Date of Award


Document Type


Degree Name

Doctor of Philosophy (PhD)

First Advisor

Peggy Whitman Prenshaw


Gwen Bristow was born September 16, 1903. Her father was a minister and church leader and her mother was a homemaker and housemother for residents of Southern Baptist Hospital nurses' home. Both had impressive genealogies. Bristow, a reporter in New Orleans for The Times-Picayune from July 9, 1925, to November 28, 1930, and February 5, 1932, to September 21, 1934, wrote for many periodicals throughout her life. Her marriage to Bruce Manning took her to Hollywood, where she lived from the summer of 1934 until late spring 1980. Bruce Manning's career as a script writer, director, and producer provided a milieu Bristow enjoyed but never entered professionally except to have her novels, Tomorrow Is Forever and Jubilee Trail, made into movies. Having published one small volume of poetry, Bristow is best known for her historical novels: Deep Summer (1937), The Handsome Road (1938), and This Side of Glory (1940)--all published under one title, Gwen Bristow's Plantation Trilogy (1962); Jubilee Trail (1950), Celia Garth (1959), and Calico Palace (1970). Her fourth novel, Tomorrow Is Forever (1943)--a departure from her historical novels--is set in World War II and focuses on reasons for anti-war sentiment. Her eighth, Golden Dreams (1980) is a straightforward historical sketch of the Gold Rush. An inexhaustible researcher, Bristow was admired for accuracy of historical detail in her fiction, all on national best-seller lists for months. Although not a feminist in the contemporary sense but an advocate for women's rights and abilities in assertive, professional roles, she lectured and lived as a deeply concerned, aware citizen and independent thinker.
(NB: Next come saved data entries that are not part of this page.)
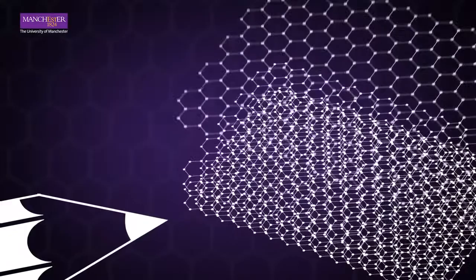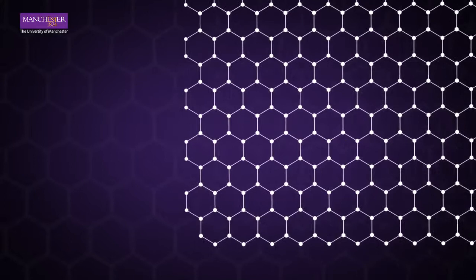If you separate out just one atomic layer of graphite, this is graphene. Because graphene is only one atom thick,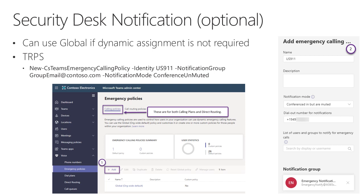If you want to build the security desk notification in the Teams admin center rather than PowerShell, you can use the global policy if you don't need dynamic assignment. If your organization is small enough, this approach may be sufficient.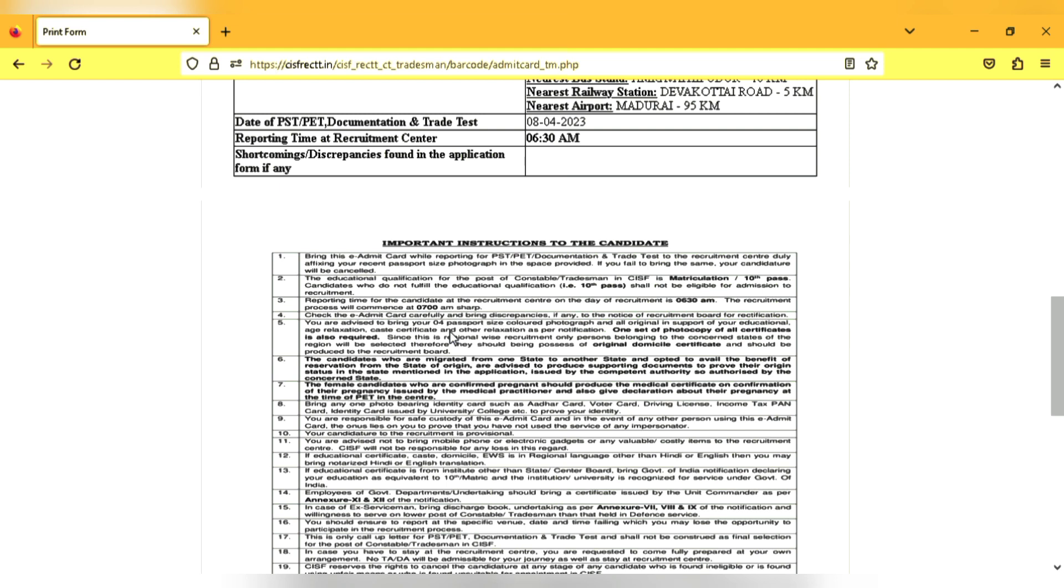You want to check the NATVET certificate. You want to check the 4 passport size photos. You have a 3 set of xerox copies.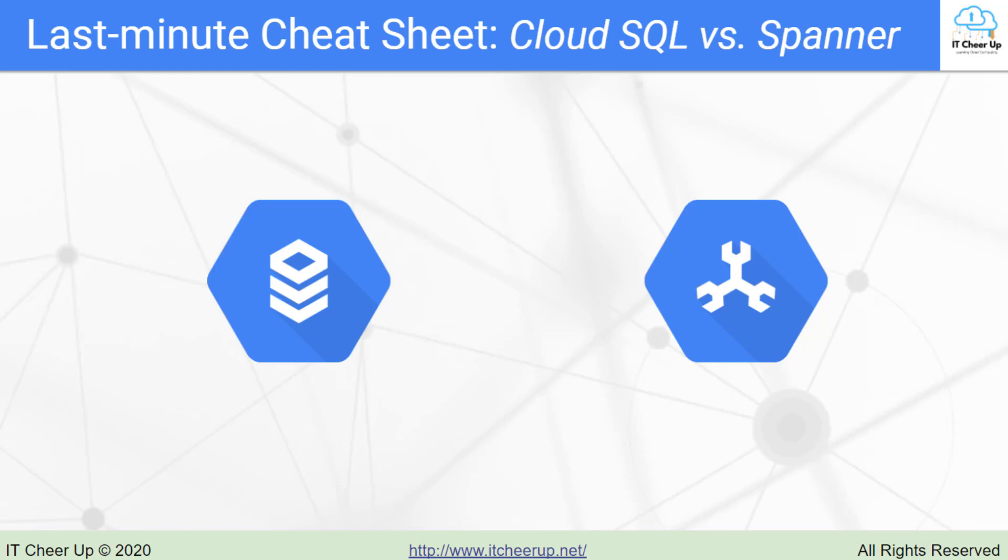In today's last minute cheat sheet for PDE exam, let's compare two fully managed relational database solutions from Google Cloud: Cloud SQL and Cloud Spanner.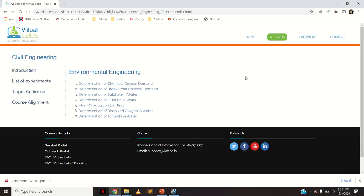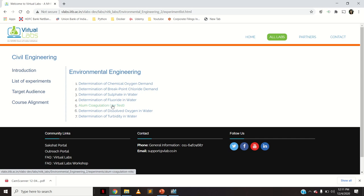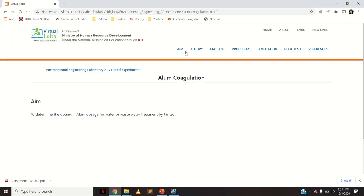Hello everyone. Today we will see how to find the optimum dose of coagulant using jar test apparatus. This is the virtual lab of IITB where under environmental engineering you have a list of experiments, including alum coagulation jar test. The aim is to determine the optimum alum dosage for water or wastewater treatment by jar test.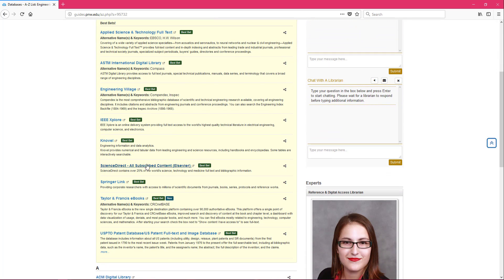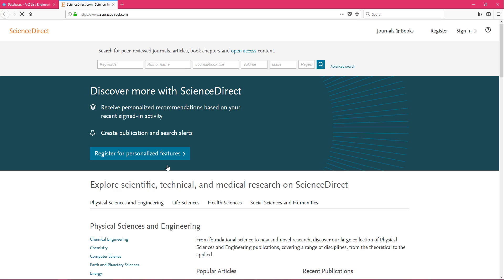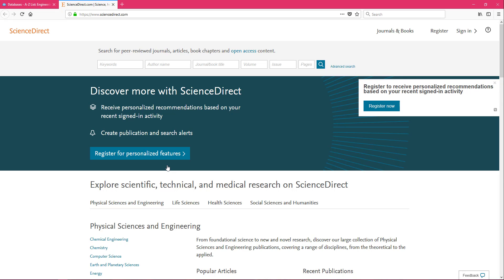And you're going to see Science Direct is there. Go ahead and click on it. If you're off campus, it's going to ask for your PNW username and password before giving you access to this database. If you're on campus, it should just come to this search window.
Exclusive of documents she destroyed (as too revealing), her journals (1931-1978) and papers depict her marriage, work, hopes, frustrations, family, friends, attitudes, and reactions to local, national, and international affairs. As author and lecturer, she was enormously successful financially. Although some critics found her fiction "sentimental" and "romantic," more praised it for her "objective" and "realistic" depiction of historical milieu. She wrote of nineteenth- and twentieth-century Louisiana, the nineteenth-century western movement, eighteenth-century South Carolina, and the nineteenth-century Gold Rush. A talented writer, she made a significant contribution in the genre of romantic historical fiction. She died in New Orleans August 17, 1980.